> Action item: Make an exact copy of the data below, leaving out every picture.

> Data extract:

==*==

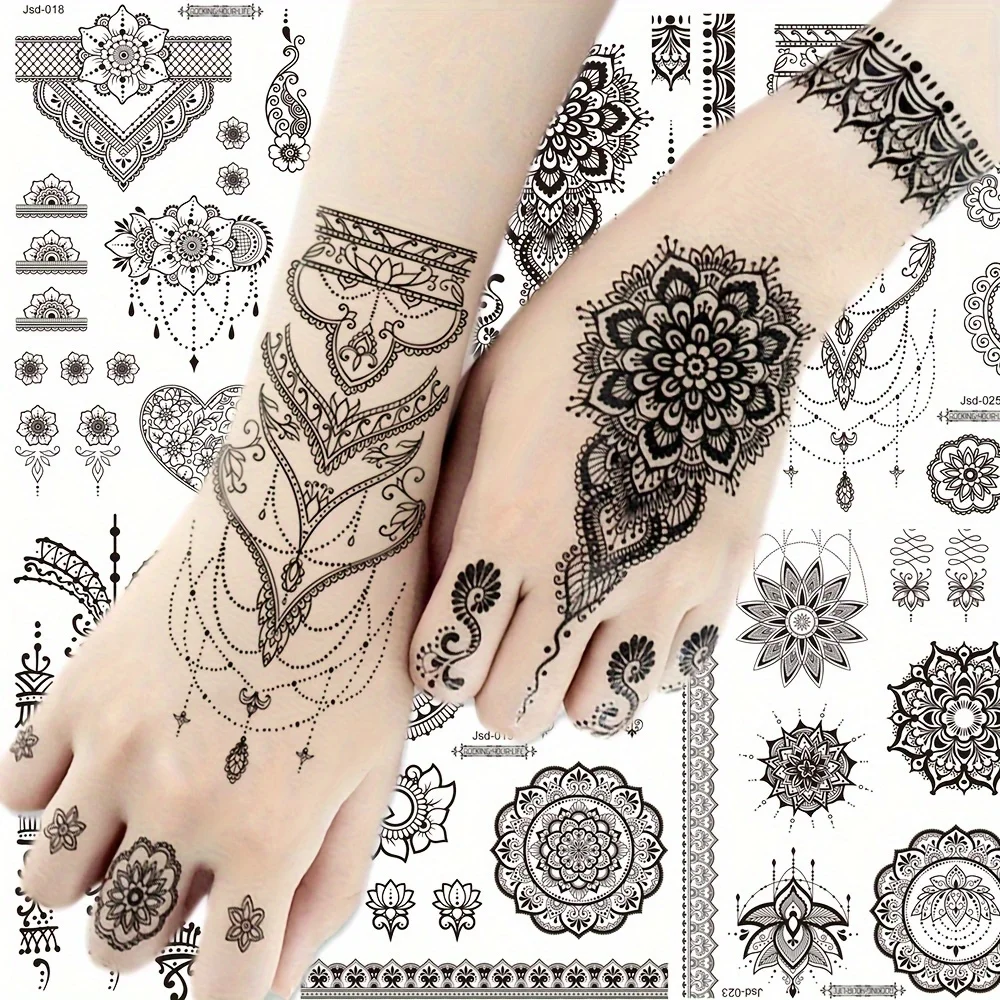 Black Henna Temporary Tattoos for Women Lace Flower Mehndi Sticker for Hand Fake Henna Tattoo Sticker Body Art Wedding Tatoo
Black Henna Temporary Tattoos for Women Lace Flower Mehndi Sticker for Hand Fake Henna Tattoo Sticker Body Art Wedding Tatoo
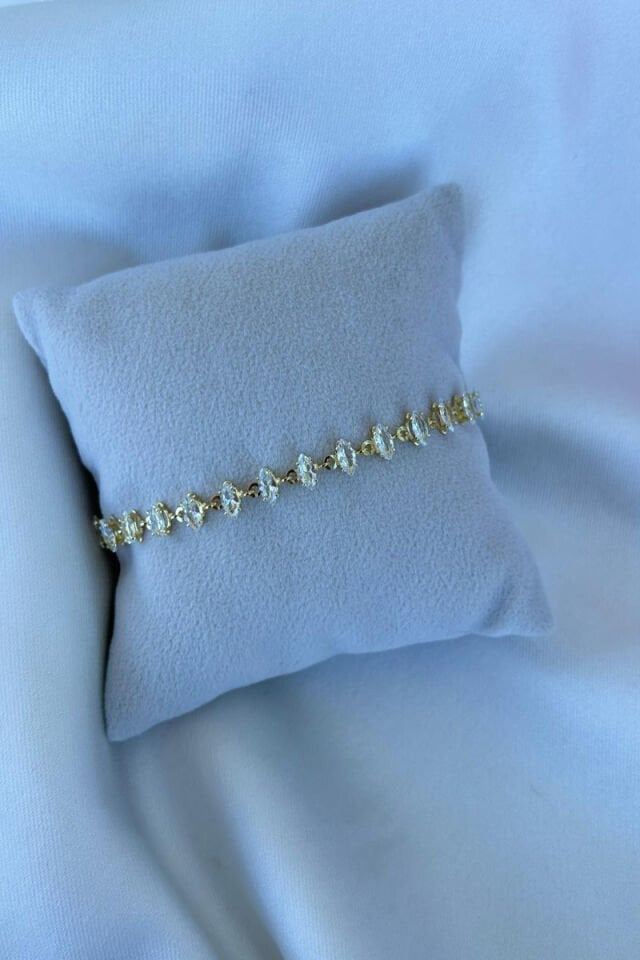 Oval Kristal Model Tasarım Bileklik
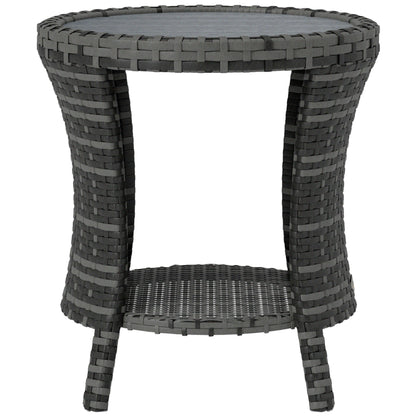 18 Wicker Outdoor Coffee Table, PE Rattan Patio Side Table With 2-Tier Storage, Composite Wood Top, Gray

==*==

> Exercise response:
 Black Henna Temporary Tattoos for Women Lace Flower Mehndi Sticker for Hand Fake Henna Tattoo Sticker Body Art Wedding Tatoo
Black Henna Temporary Tattoos for Women Lace Flower Mehndi Sticker for Hand Fake Henna Tattoo Sticker Body Art Wedding Tatoo
 Oval Kristal Model Tasarım Bileklik
 18 Wicker Outdoor Coffee Table, PE Rattan Patio Side Table With 2-Tier Storage, Composite Wood Top, Gray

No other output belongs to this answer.